Caption-style text data
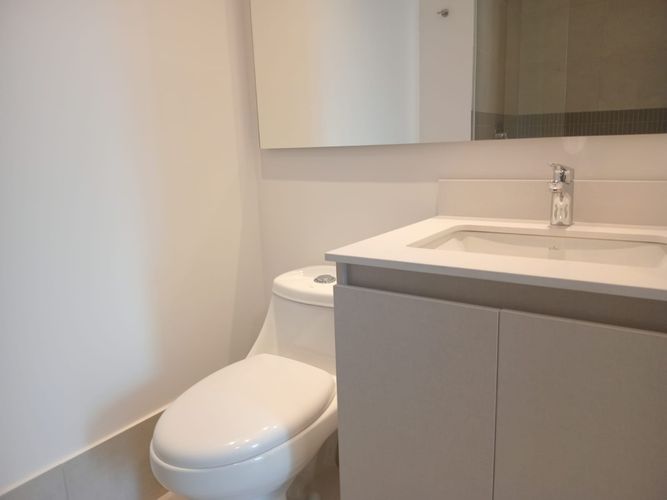 Apartamento de 2 alcobas en arriendo en El Poblado, Medellín, 65 m² · foto 16 de 16
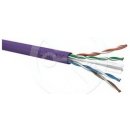 Solarix SXKD-6-UTP-LSOH CAT6 UTP LSOH, 305m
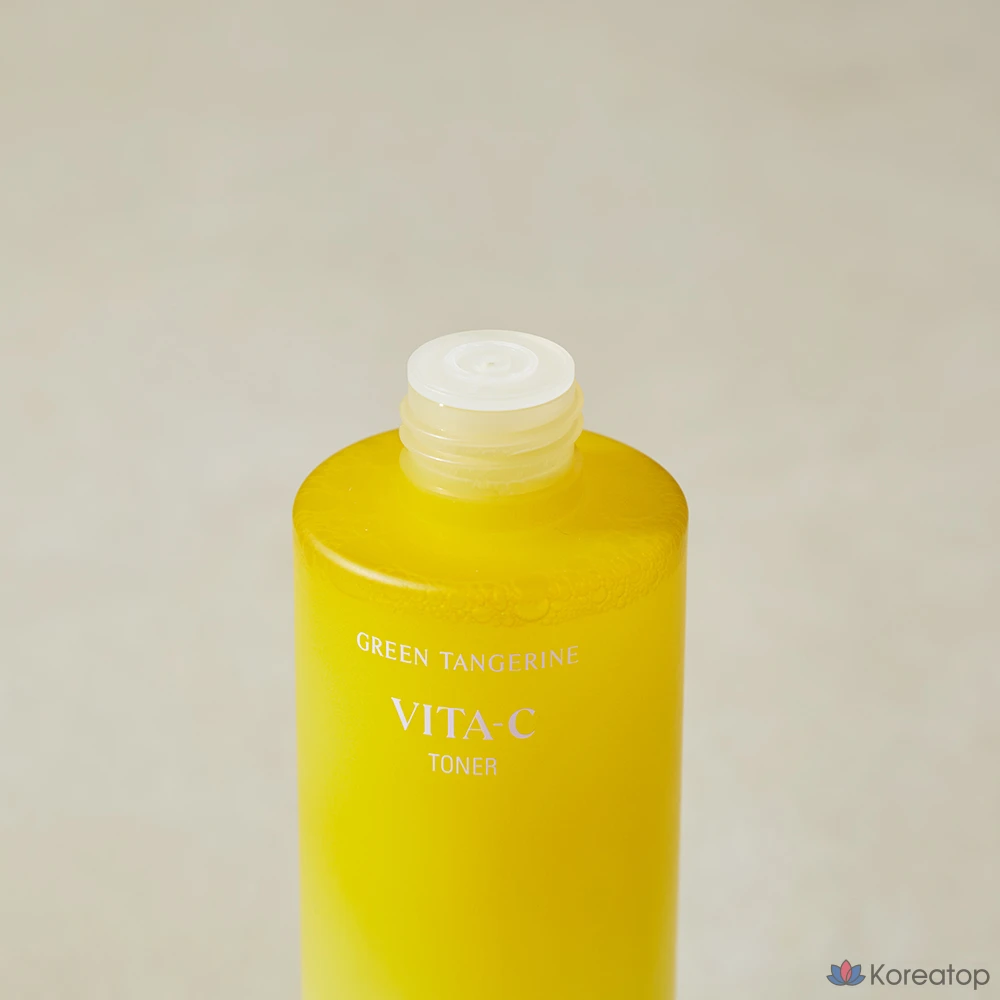 Тоник Goodal Green Tangerine Vita C, 1 шт., 300 мл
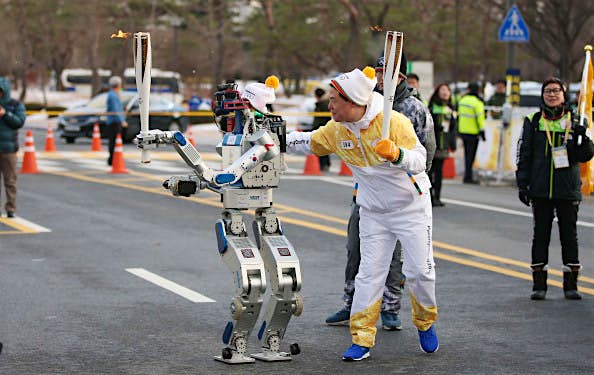 Travel News - robots Travel News - robots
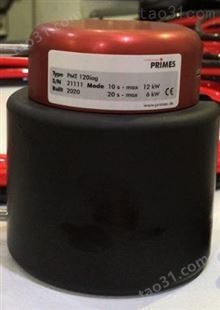 PocketMonitor PMT 70icu (7 kW) PRIMES激光功率检测仪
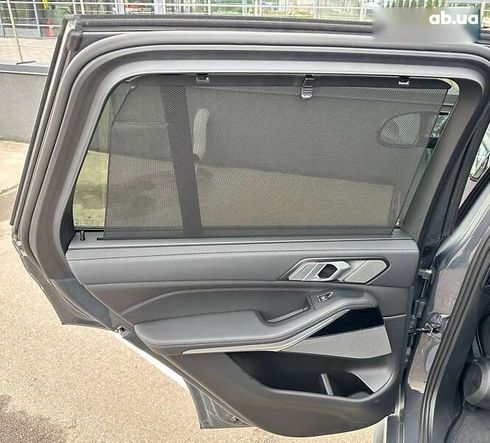 BMW X5 2024 - фото 17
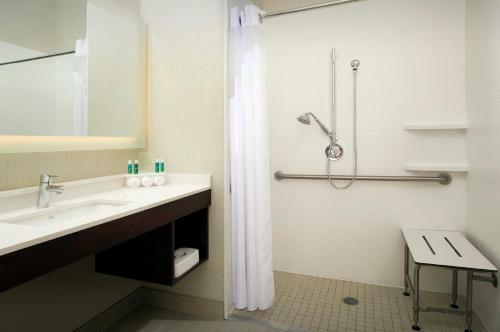 Hotel Holiday Inn Express & Suites Charlottesville North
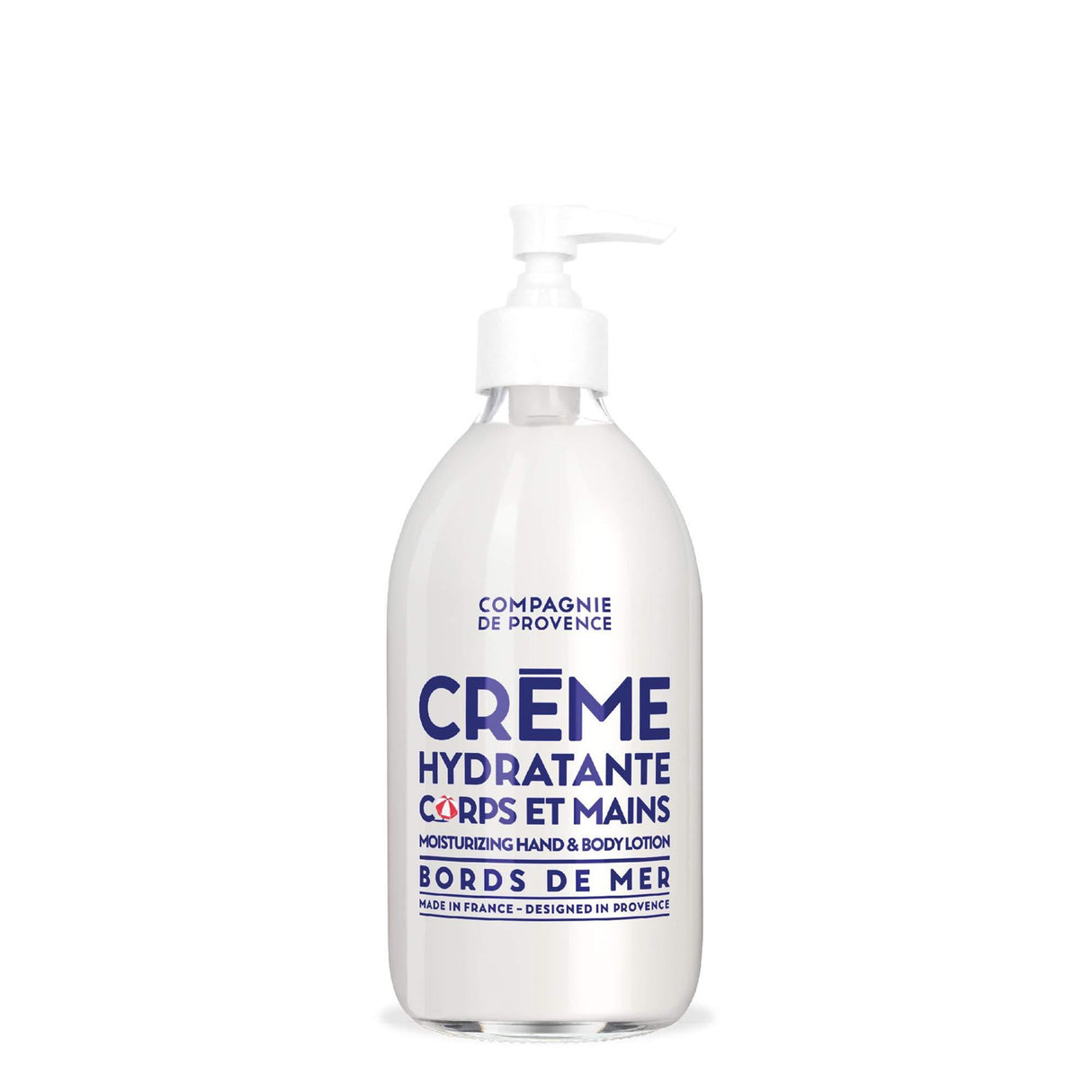 Compagnie de Provence - Hand and Body Lotion 300 ml Limited Edition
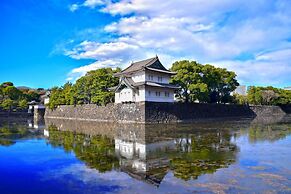 Bamboo Garden Tokyo - Adults Only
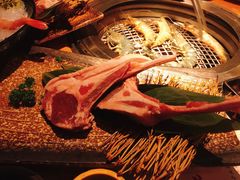 -赤坂亭M9和牛烧肉(世博源店)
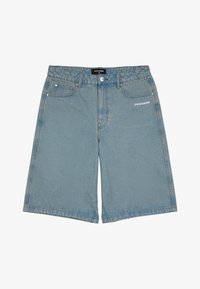 Não selecionado, washed vintage blue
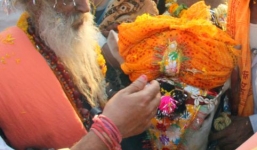 Choáng đám cưới 325 triệu đồng...cho bò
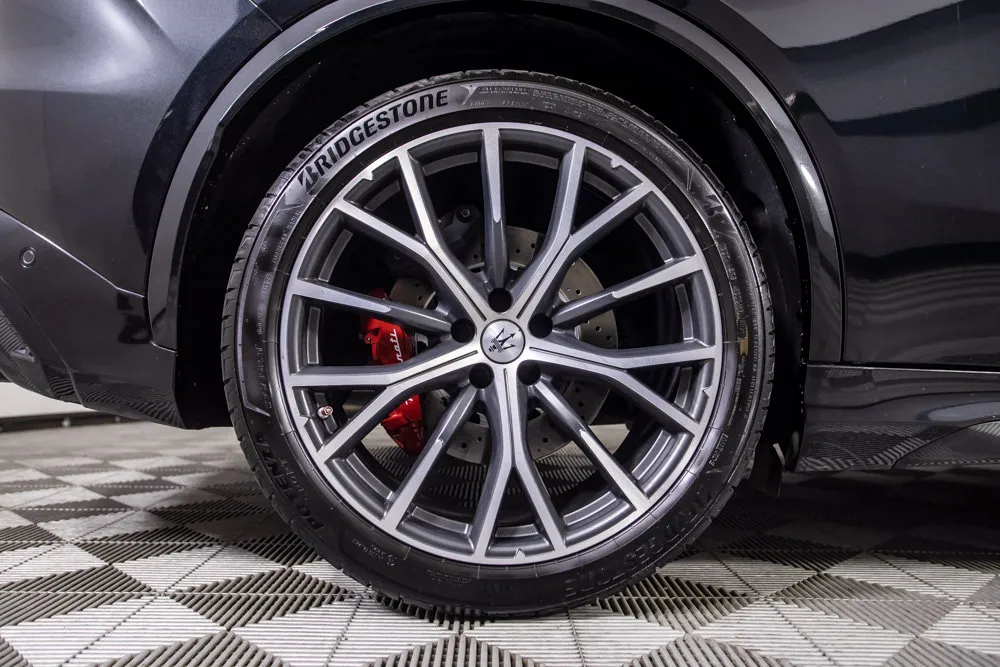 Maserati Grecale photo 41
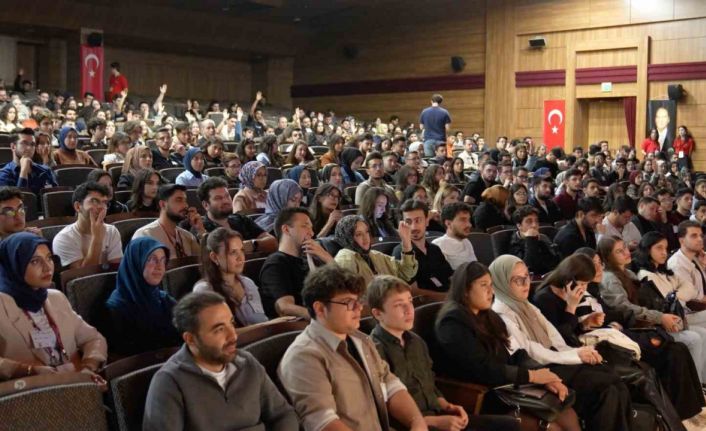 Teknoloji tutkunları Şehitkamil’de buluştu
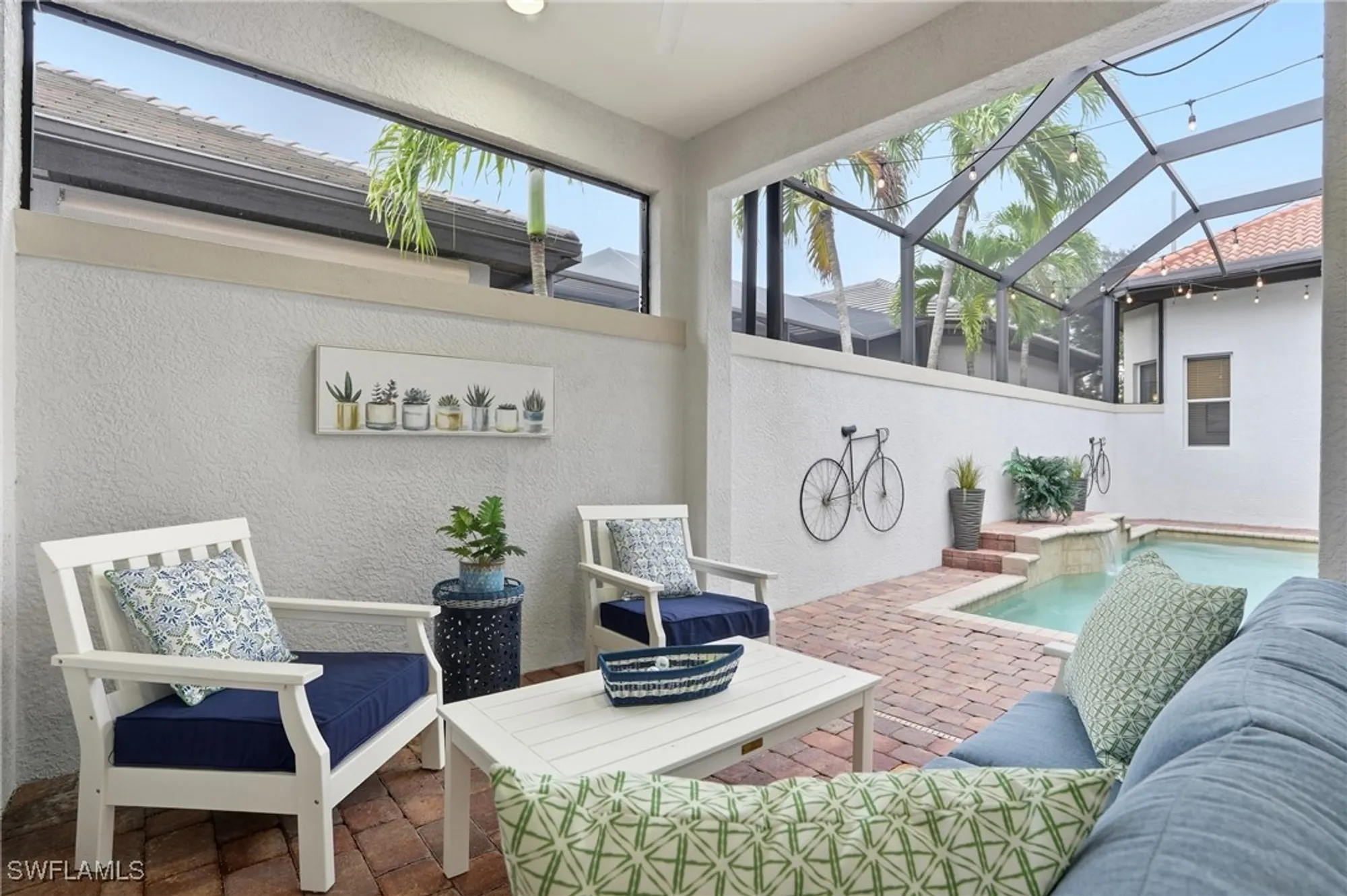 Property Slideshow image 11 of 24 | 7840 valencia ct, Naples, FL, 34113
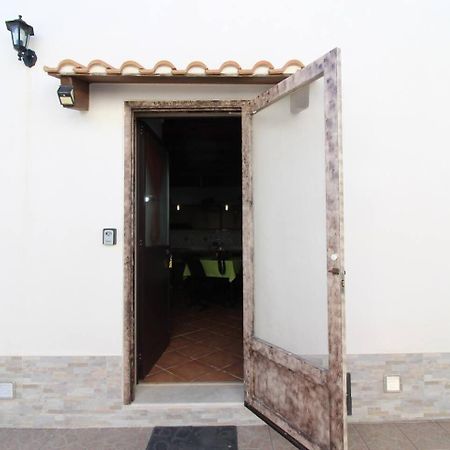 Villa Andrea Vivi Loasi Di Tranquillita Trapani Bagian luar foto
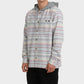 Billabong - Baja Flannel Sweatshirt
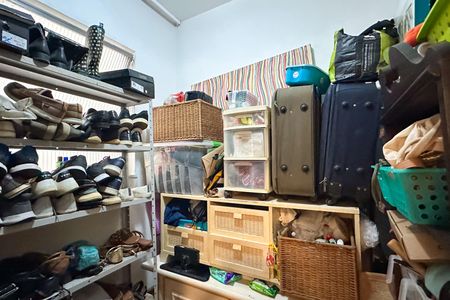 Apartamento à venda com 66m², 2 quartos e sem vaga Apartamento à venda com 66m², 2 quartos e sem vagaQuarto de Serviço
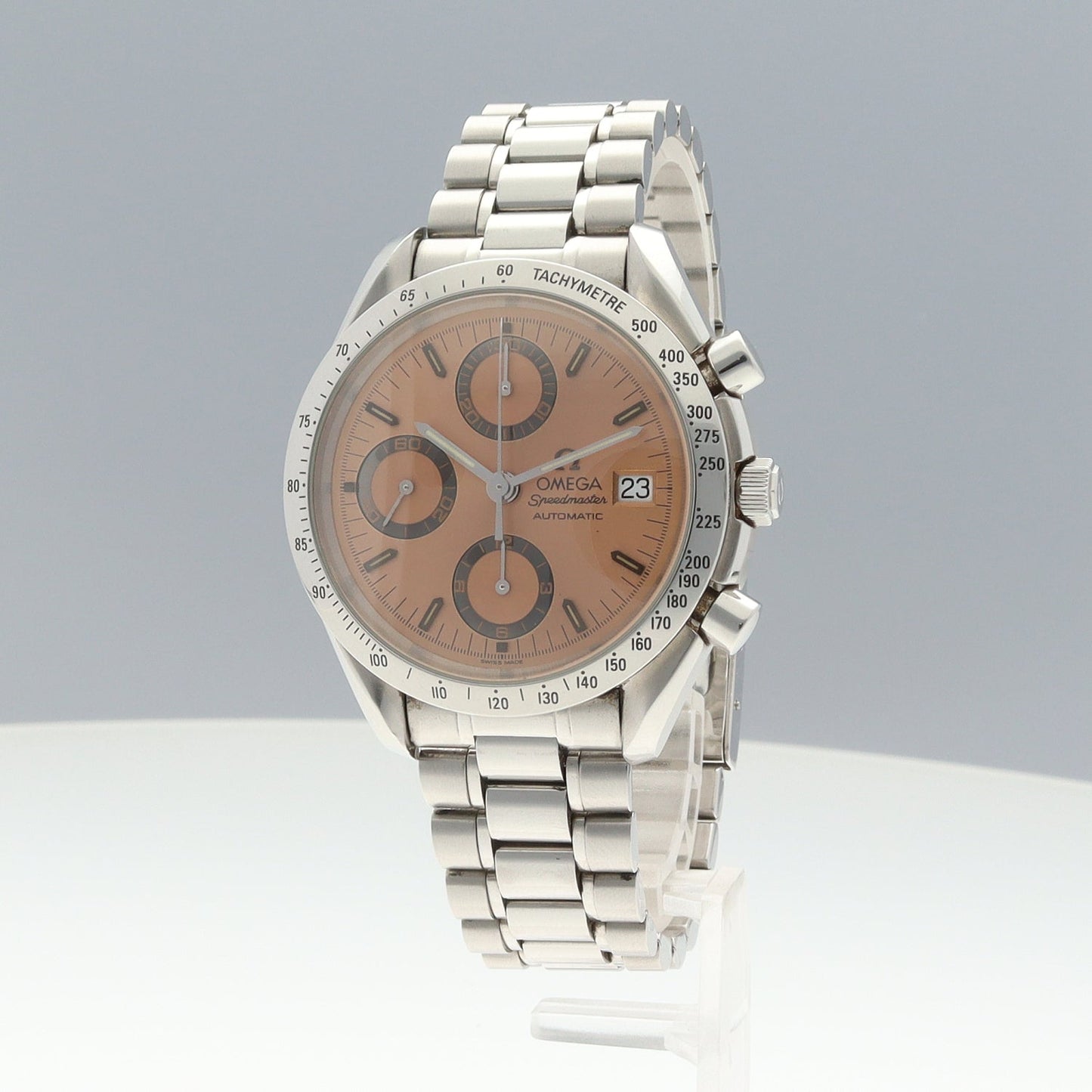 35116 Speedmaster Date Grand prix 2O-M01-00562
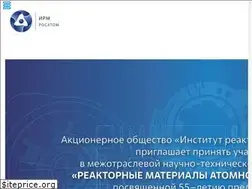 Sites similar to irm-atom.ru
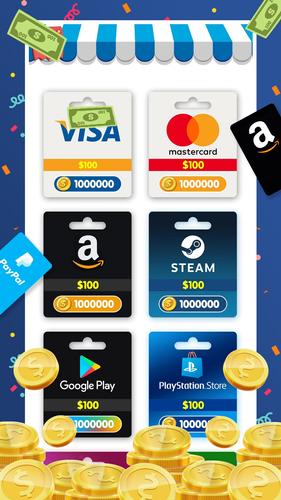 Screenshot Make Money: Word Search 4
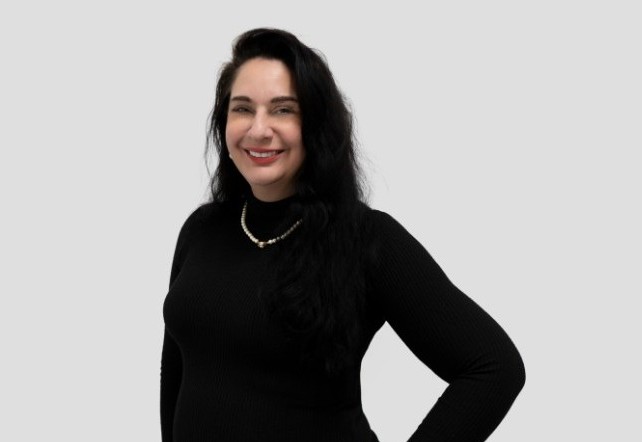 Cassandra Chaning-Pearce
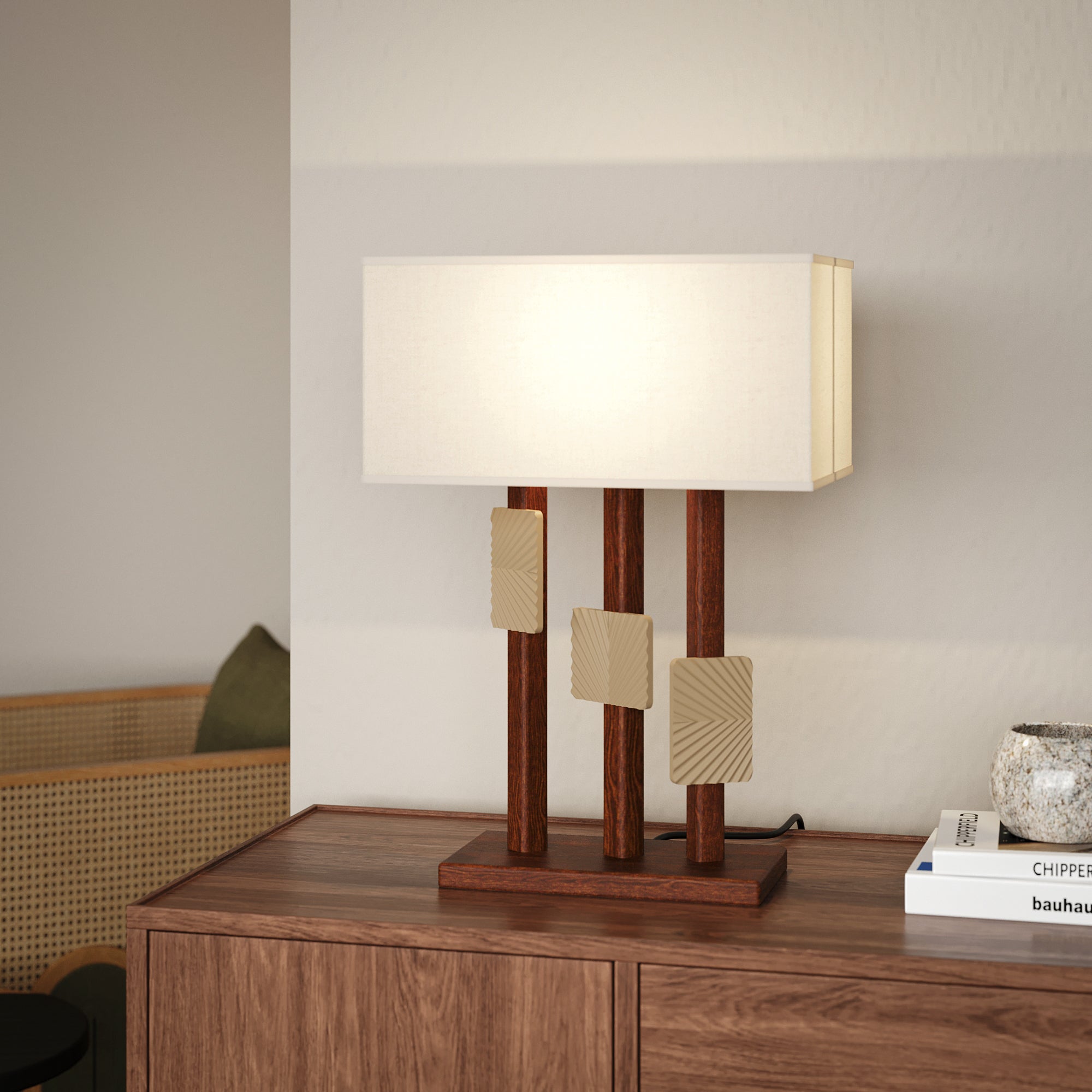 Hugo Table Lamp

= INSTRUCTIONS TO FOLLOW =
All that should appear in the answer is the lines above from the line with "PocketMonitor PMT 70icu (7 kW) PRIMES激光功率检测仪" through the line with "Choáng đám cưới 325 triệu đồng...cho bò", retyped exactly, pictures left out.

= TASK OUTPUT =
 PocketMonitor PMT 70icu (7 kW) PRIMES激光功率检测仪
 BMW X5 2024 - фото 17
 Hotel Holiday Inn Express & Suites Charlottesville North
 Compagnie de Provence - Hand and Body Lotion 300 ml Limited Edition
 Bamboo Garden Tokyo - Adults Only
 -赤坂亭M9和牛烧肉(世博源店)
 Não selecionado, washed vintage blue
 Choáng đám cưới 325 triệu đồng...cho bò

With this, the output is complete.